From mboxrd@z Thu Jan  1 00:00:00 1970
Return-Path: <linux-kernel-owner@vger.kernel.org>
Received: (majordomo@vger.kernel.org) by vger.kernel.org via listexpand
	id S1751702Ab1H3Fcf (ORCPT <rfc822;w@1wt.eu>);
	Tue, 30 Aug 2011 01:32:35 -0400
Received: from 173-166-109-252-newengland.hfc.comcastbusiness.net ([173.166.109.252]:35085
	"EHLO bombadil.infradead.org" rhost-flags-OK-OK-OK-OK)
	by vger.kernel.org with ESMTP id S1750842Ab1H3Fcc (ORCPT
	<rfc822;linux-kernel@vger.kernel.org>);
	Tue, 30 Aug 2011 01:32:32 -0400
Date: Tue, 30 Aug 2011 01:32:31 -0400
From: Christoph Hellwig <hch@infradead.org>
To: Daniel Ehrenberg <dehrenberg@google.com>
Cc: linux-kernel@vger.kernel.org
Subject: Re: Approaches to making io_submit not block
Message-ID: <20110830053231.GA1627@infradead.org>
References: <CAAK6Zt2icmsBxjdqFvDXfnxZHXuKN3hDSTdDmh7Vhj1iJ_5LXQ@mail.gmail.com>
MIME-Version: 1.0
Content-Type: text/plain; charset=us-ascii
Content-Disposition: inline
In-Reply-To: <CAAK6Zt2icmsBxjdqFvDXfnxZHXuKN3hDSTdDmh7Vhj1iJ_5LXQ@mail.gmail.com>
User-Agent: Mutt/1.5.21 (2010-09-15)
X-SRS-Rewrite: SMTP reverse-path rewritten from <hch@infradead.org> by bombadil.infradead.org
	See http://www.infradead.org/rpr.html
Sender: linux-kernel-owner@vger.kernel.org
List-ID: <linux-kernel.vger.kernel.org>
X-Mailing-List: linux-kernel@vger.kernel.org

On Mon, Aug 29, 2011 at 10:33:24AM -0700, Daniel Ehrenberg wrote:
> - Blocking due to reading metadata.
> Proposed solution:
> Add a per-ioctx work queue to do metadata reads. It will be triggered
> from the dio code: if in async mode, then get_block will be called
> with an additional flag, meaning something like O_NONBLOCK on sockets.
> File systems' get_block functions can implement this flag and return
> -EAGAIN if a read from the underlying device would be necessary. (If
> we're worried that EAGAIN might be used for other purposes in the
> future, we could make a new errno for this purpose.) From a quick
> glance at the code, it looks like this would not be too difficult to
> add to ext4 for extent-based files, and support in other file systems
> could be added gradually. If -EAGAIN is returned, then the struct dio
> will be put on the work queue together with a description of what kind
> of processing it was doing. The work queue only serves the metadata
> request, and the rest of the request is served on the existing path.

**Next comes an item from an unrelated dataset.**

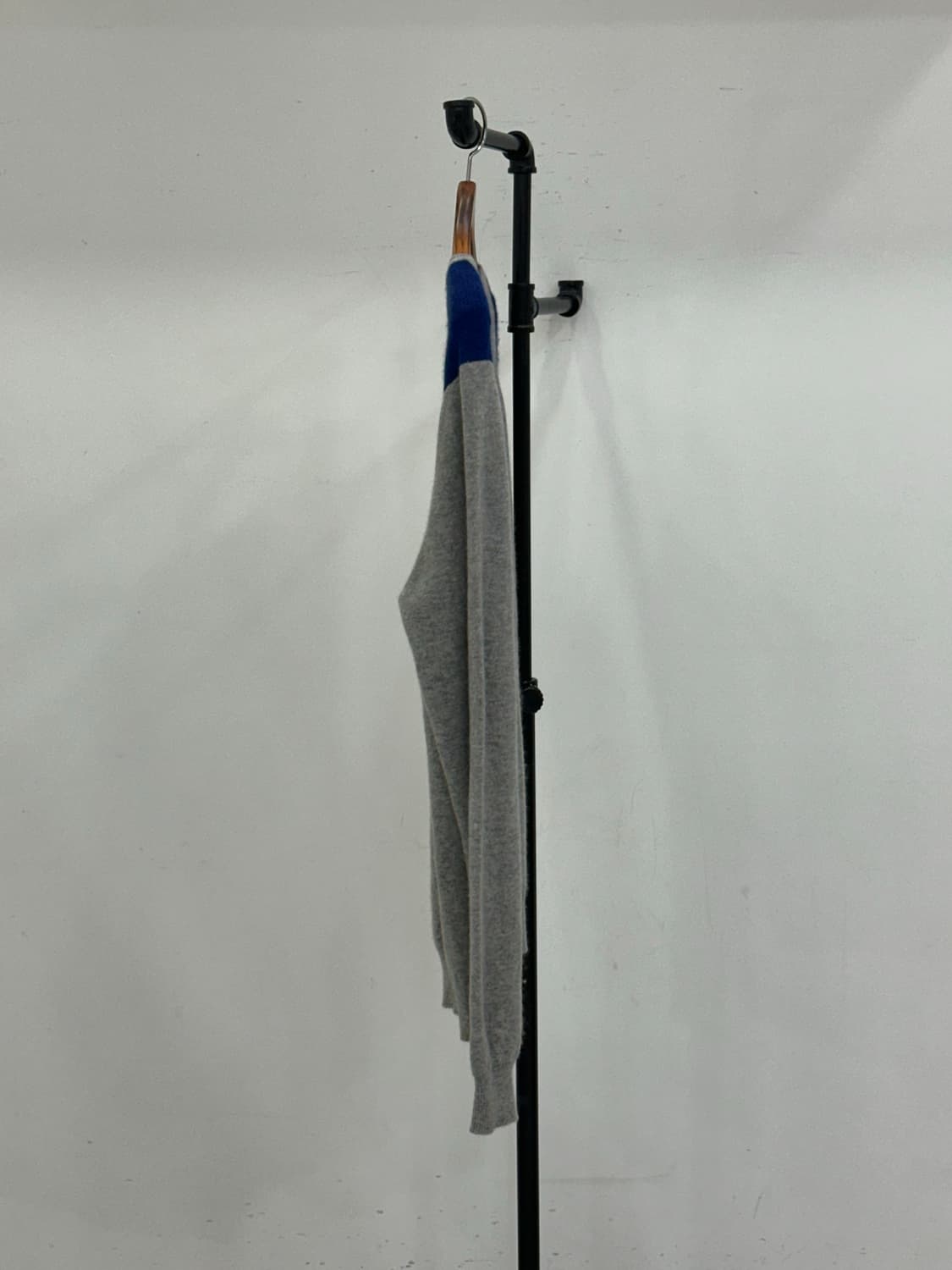 버버리 남성 캐시미어 니트 상품이미지3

Let filesystems handle this.  I've actually prototyped it in XFS,
based on some pending work from Dave but at this point it's still butt
ugly.

> - Blocking for appends and writes to file holes due to the need for a
> metadata write after the data write
> Proposed solution:
> Maintain a work queue for all appends and writes to file holes, which
> executes the current code.

No way.  I've fixed this for XFS, and it's trivial without the need to
queue them up.  The only thing preventing appending writes to work is
a flag to tell the dio layer to just do them, just like it already works
for holes.  (and more QA).